A corrida corporativa pela inteligência artificial aplicada ao atendimento ao cliente começa a revelar desafios mais complexos do que apenas colocar modelos em operação. Uma pesquisa global da Sinch aponta que 74% das empresas já precisaram desativar, suspender ou reduzir o uso de agentes de IA após a implementação em ambientes reais de comunicação com consumidores.
O levantamento “The AI Production Paradox” ouviu 2.527 executivos seniores em dez países, incluindo o Brasil, e mostra que o principal obstáculo deixou de ser a adoção inicial da tecnologia. O problema está na sustentação operacional, na confiabilidade das respostas e na capacidade de governança quando os sistemas passam a lidar com dados inconsistentes, integrações complexas e múltiplos canais de atendimento.
IA sai da fase piloto
Os números indicam que a fase experimental ficou para trás. Segundo a pesquisa, 62% das organizações já operam agentes de IA em produção. Ainda assim, falhas estruturais seguem provocando recuos relevantes, inclusive entre empresas consideradas mais maduras digitalmente.
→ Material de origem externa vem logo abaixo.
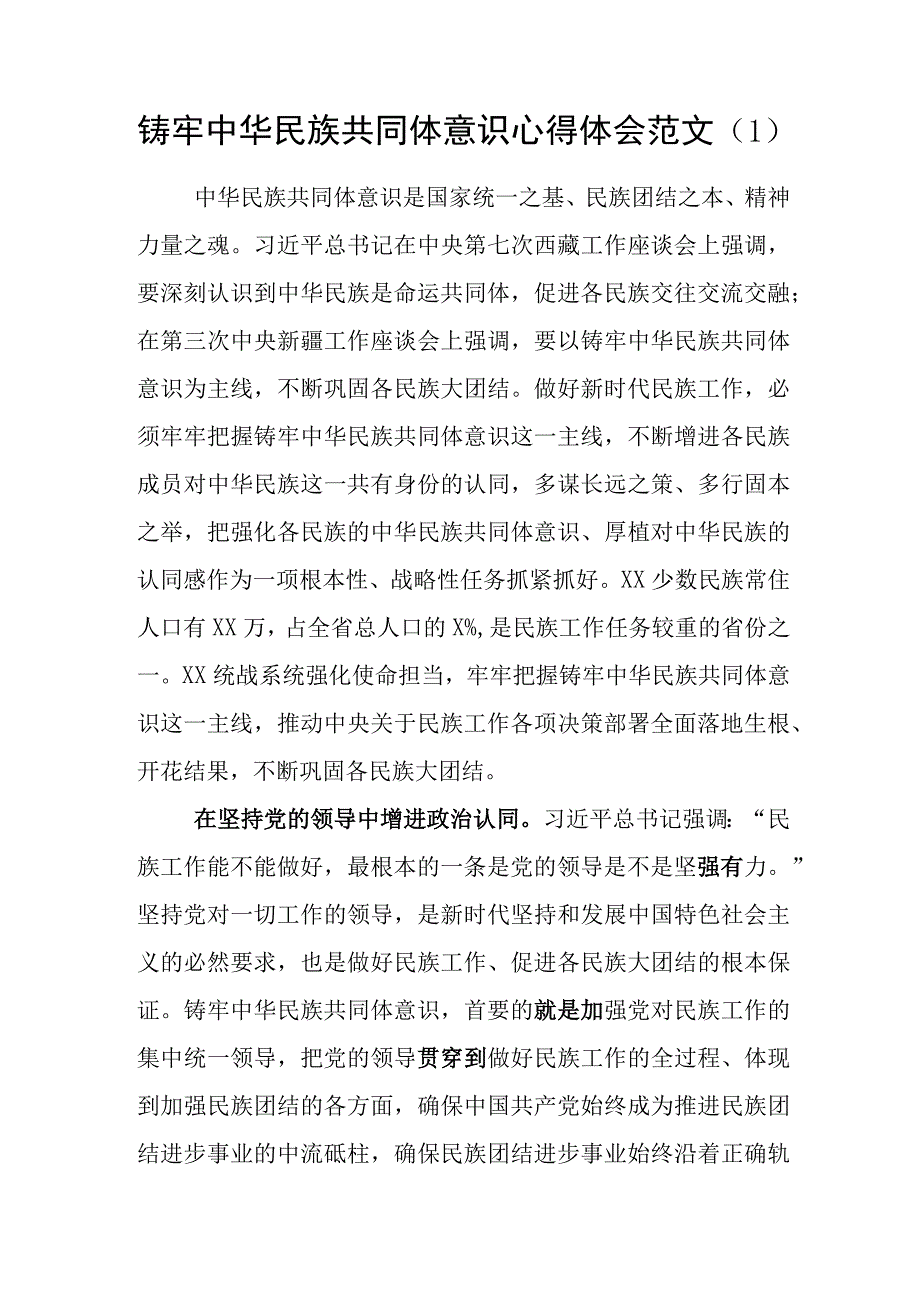 2023-2024年关于“铸牢中华民族共同体意识”学习心得体会感想领悟6篇.docx_第2页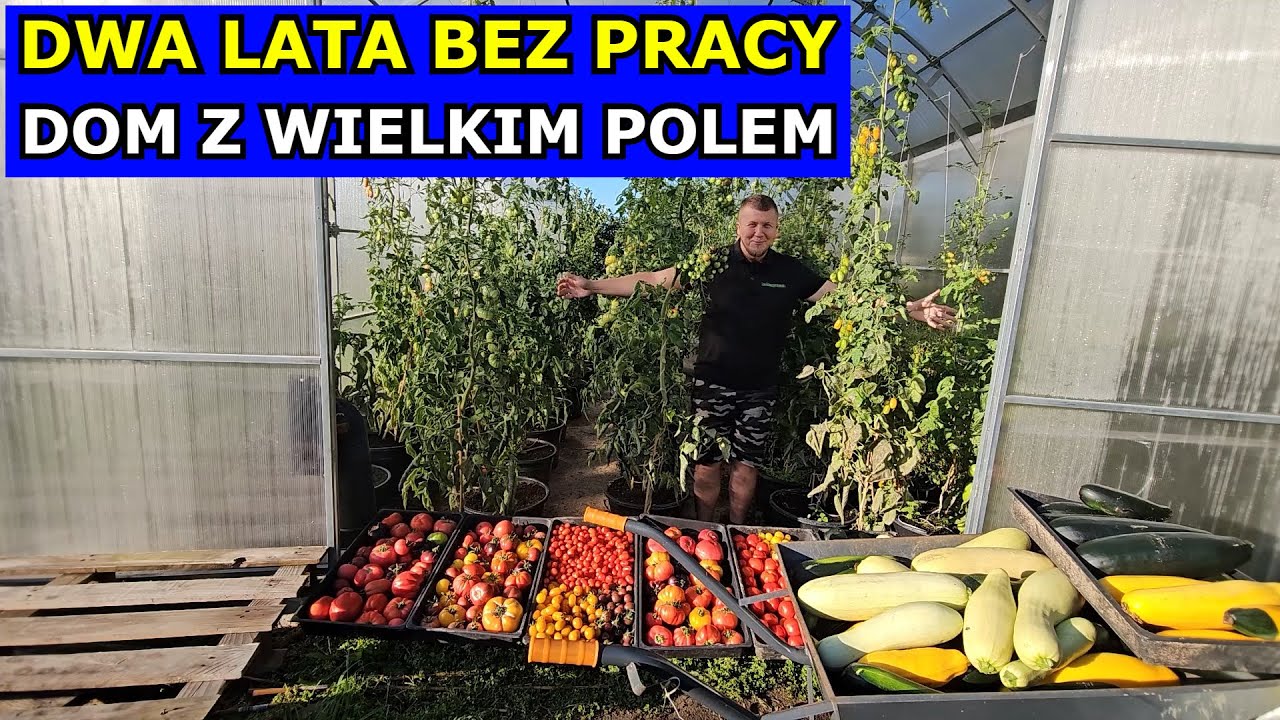 2 lata BEZ PRACY. To Zmieniło Nasze Życie. Samowystarczalność Kuchnia na Drewno. Dom z Wielkim Polem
Nesse grupo, o índice de interrupção de agentes sobe para 81%.
Mario Marchetti, CEO Latam da Sinch, explicou em nota que “o mercado falou muito sobre colocar IA em produção, mas isso já não é mais o principal desafio. O que vemos agora é um movimento de ajuste: empresas estão percebendo que operar IA em escala, com consistência e segurança, é muito mais complexo do que lançar um piloto. A confiabilidade da infraestrutura e a qualidade das integrações fazem toda a diferença nesse cenário”.
Monitoramento e conformidade ganham espaço
O estudo mostra que empresas com maior nível de governança não necessariamente enfrentam menos problemas, mas possuem mecanismos mais avançados de monitoramento, auditoria e controle, o que amplia a visibilidade sobre falhas operacionais e riscos associados à IA generativa.
“Empresas mais avançadas têm mais clareza sobre onde estão os problemas. Taxas maiores de desativação não indicam pior desempenho, mas sim maior capacidade de identificar riscos e agir rapidamente. Isso é um sinal de maturidade operacional”, destacou Marchetti.
A pesquisa também evidencia uma mudança nas prioridades corporativas. Hoje, segurança, conformidade e confiança recebem mais recursos do que o próprio desenvolvimento de modelos. Cerca de 76% das empresas afirmam investir prioritariamente em mecanismos de proteção, governança e confiabilidade, enquanto 63% direcionam aportes diretamente para desenvolvimento de IA.
Infraestrutura robusta para garantir eficiência da IA
Outro dado relevante envolve o peso crescente da infraestrutura tecnológica. Para 87% dos entrevistados, uma estrutura de comunicação de alta performance é considerada essencial ou muito importante para o sucesso dos agentes inteligentes. O resultado sugere que a eficiência da IA depende cada vez mais da capacidade de integração entre canais, dados e sistemas corporativos.
Mesmo com o avanço do mercado, a insatisfação com fornecedores permanece elevada. Mais da metade das empresas afirmou precisar desenvolver infraestrutura própria para gerenciamento de contexto omnichannel. Além disso, 86% das organizações já avaliaram ou estudam trocar seus provedores de comunicação.
O impacto operacional também alcança as equipes técnicas. Segundo o levantamento, 84% dos times de engenharia gastam ao menos metade do tempo lidando com infraestrutura de segurança relacionada à operação de IA.
Apesar dos desafios, o cenário segue aquecido. A pesquisa mostra que 98% das empresas pretendem ampliar investimentos em inteligência artificial aplicada à comunicação ao longo de 2026. Isso mostra que o mercado aposta em uma nova etapa de amadurecimento da tecnologia, mais focada em estabilidade operacional, governança e integração de dados.